- Zachodzi olbrzymie ryzyko tego, że utrata niezawisłości przez sędziego i przez polskich sędziów, spowoduje, że wrócimy do czasów, o których pani przed chwilą wspominała, czyli do czasów PRL-u, kiedy słynne były wyroki na żądanie na telefon - powiedziała naszej reporterce jedna z protestujących sędziów, mianowana przez prezydenta Aleksandra Kwaśniewskiego.

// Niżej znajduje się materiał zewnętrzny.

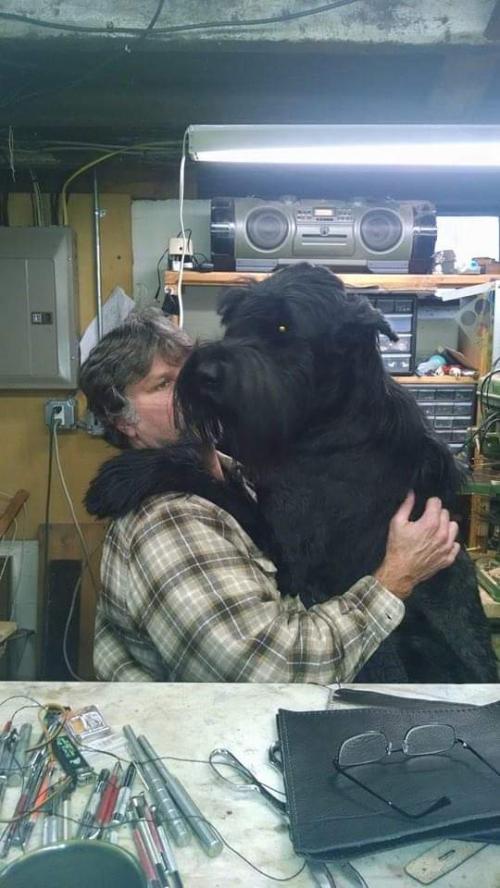 FB_IMG_1608529282816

Pod hasłem "Prawo do niezawisłości, prawo do Europy" stołecznymi ulicami przeszedł Marsz Tysiąca Tóg. Demonstranci zebrali się przy Sądzie Najwyższym i w milczeniu przeszli pod Sejm. Na czele marszu, często w togach, szli przedstawiciele zawodów prawniczych. Wśród organizacji obywatelskich reprezentowane były: Akcja Demokracja, Ogólnopolski Strajk Kobiet, Helsińska Fundacja Praw Człowieka, Komitet Obrony Demokracji i Amnesty International.
Jedna z protestujących sędziów, mianowana przez prezydenta Aleksandra Kwaśniewskiego powiedziała naszej reporterce, że "trójpodział władz nie oznacza władzy tylko i wyłącznie władzy ustawodawczej i wykonawczej".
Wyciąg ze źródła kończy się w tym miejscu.